*What you need to do*: From the listing below, extract every line in which the word "Inch" appears.

··· Extracted information

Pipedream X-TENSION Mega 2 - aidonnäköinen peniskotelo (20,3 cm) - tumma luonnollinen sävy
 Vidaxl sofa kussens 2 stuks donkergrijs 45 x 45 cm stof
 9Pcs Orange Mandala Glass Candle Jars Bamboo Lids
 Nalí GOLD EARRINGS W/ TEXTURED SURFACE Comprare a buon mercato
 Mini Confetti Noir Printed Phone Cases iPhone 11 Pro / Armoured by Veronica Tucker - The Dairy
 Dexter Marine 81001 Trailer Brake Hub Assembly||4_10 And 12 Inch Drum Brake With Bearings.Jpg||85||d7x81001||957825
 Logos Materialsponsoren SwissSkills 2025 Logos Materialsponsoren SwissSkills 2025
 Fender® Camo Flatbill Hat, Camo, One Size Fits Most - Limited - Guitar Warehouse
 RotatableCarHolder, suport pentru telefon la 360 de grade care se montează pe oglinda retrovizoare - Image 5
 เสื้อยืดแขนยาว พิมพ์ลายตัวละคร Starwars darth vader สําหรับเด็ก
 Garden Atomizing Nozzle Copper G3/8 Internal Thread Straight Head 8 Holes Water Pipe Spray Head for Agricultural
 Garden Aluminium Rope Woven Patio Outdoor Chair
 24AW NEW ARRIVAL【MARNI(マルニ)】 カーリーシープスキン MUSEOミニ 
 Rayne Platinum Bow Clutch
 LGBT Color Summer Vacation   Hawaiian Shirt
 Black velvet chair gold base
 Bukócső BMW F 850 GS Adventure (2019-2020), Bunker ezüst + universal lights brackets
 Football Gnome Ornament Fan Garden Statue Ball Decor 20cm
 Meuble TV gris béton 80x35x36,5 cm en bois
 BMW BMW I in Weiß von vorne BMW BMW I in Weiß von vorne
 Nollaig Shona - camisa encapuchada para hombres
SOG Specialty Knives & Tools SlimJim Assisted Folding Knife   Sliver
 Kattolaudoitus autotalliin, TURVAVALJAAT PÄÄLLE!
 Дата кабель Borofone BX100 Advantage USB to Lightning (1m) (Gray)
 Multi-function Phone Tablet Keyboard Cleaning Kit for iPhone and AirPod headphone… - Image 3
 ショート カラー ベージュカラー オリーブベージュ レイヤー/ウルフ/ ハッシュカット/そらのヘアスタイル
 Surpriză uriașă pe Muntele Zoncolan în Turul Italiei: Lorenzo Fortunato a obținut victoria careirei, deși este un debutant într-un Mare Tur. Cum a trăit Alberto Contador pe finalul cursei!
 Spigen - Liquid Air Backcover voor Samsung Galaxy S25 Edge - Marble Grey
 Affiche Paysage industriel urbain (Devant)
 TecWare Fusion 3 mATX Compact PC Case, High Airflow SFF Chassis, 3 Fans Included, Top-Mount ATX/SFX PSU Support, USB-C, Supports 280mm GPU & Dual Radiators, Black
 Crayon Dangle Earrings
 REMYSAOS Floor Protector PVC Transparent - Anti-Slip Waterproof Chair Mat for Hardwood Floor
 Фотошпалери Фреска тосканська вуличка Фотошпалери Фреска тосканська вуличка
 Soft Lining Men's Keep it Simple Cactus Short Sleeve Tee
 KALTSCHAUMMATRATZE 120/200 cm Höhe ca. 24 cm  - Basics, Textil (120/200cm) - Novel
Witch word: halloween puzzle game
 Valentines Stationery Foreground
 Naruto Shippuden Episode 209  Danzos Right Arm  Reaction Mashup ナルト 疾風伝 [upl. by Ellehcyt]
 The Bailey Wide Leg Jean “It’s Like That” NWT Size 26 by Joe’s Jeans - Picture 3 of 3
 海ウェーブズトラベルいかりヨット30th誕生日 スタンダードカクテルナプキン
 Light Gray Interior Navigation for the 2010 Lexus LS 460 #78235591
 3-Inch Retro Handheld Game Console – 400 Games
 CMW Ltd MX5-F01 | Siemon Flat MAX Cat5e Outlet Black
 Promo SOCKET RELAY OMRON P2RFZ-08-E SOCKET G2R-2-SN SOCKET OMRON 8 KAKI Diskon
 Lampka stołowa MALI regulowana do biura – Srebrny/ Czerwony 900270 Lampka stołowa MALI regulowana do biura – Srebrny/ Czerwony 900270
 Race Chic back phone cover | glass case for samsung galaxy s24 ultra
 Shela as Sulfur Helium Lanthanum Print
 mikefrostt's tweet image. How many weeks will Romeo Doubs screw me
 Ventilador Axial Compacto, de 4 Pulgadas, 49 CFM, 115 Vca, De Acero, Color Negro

······

*Answer area*:
 Dexter Marine 81001 Trailer Brake Hub Assembly||4_10 And 12 Inch Drum Brake With Bearings.Jpg||85||d7x81001||957825
 3-Inch Retro Handheld Game Console – 400 Games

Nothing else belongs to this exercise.